| The problem |
Locate the line that contains "مولد الأكسجين المحمول Yuwell Spirit-3" in the entries below, then repeat it and every following line through the line that contains "ขายอาคารพาณิชย์พร้อมผู้เช่า ถ.เจริญประเทศ ต.ช้างคลาน", exactly, and no others.

| Data supplied |
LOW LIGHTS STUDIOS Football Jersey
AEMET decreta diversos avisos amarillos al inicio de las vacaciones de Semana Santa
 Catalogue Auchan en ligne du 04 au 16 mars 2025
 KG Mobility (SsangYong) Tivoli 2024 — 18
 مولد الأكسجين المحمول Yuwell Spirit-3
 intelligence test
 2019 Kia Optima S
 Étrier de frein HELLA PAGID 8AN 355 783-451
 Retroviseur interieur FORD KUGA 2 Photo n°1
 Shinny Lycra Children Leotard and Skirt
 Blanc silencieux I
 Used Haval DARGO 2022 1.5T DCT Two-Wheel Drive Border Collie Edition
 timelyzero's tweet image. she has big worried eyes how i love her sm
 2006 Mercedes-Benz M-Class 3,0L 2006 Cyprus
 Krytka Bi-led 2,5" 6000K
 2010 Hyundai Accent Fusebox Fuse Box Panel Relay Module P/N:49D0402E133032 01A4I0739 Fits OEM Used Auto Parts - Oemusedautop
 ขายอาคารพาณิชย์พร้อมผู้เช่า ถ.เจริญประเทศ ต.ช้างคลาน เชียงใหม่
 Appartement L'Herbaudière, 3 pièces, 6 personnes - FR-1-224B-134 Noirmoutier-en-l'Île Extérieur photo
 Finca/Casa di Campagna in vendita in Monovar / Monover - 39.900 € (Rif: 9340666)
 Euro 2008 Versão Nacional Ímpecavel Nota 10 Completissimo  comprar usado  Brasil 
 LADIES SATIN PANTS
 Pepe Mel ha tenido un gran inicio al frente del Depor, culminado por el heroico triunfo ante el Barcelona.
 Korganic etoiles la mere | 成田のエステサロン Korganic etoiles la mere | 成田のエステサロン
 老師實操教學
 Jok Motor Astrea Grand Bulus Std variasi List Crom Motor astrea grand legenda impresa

| Reply |
 مولد الأكسجين المحمول Yuwell Spirit-3
 intelligence test
 2019 Kia Optima S
 Étrier de frein HELLA PAGID 8AN 355 783-451
 Retroviseur interieur FORD KUGA 2 Photo n°1
 Shinny Lycra Children Leotard and Skirt
 Blanc silencieux I
 Used Haval DARGO 2022 1.5T DCT Two-Wheel Drive Border Collie Edition
 timelyzero's tweet image. she has big worried eyes how i love her sm
 2006 Mercedes-Benz M-Class 3,0L 2006 Cyprus
 Krytka Bi-led 2,5" 6000K
 2010 Hyundai Accent Fusebox Fuse Box Panel Relay Module P/N:49D0402E133032 01A4I0739 Fits OEM Used Auto Parts - Oemusedautop
 ขายอาคารพาณิชย์พร้อมผู้เช่า ถ.เจริญประเทศ ต.ช้างคลาน เชียงใหม่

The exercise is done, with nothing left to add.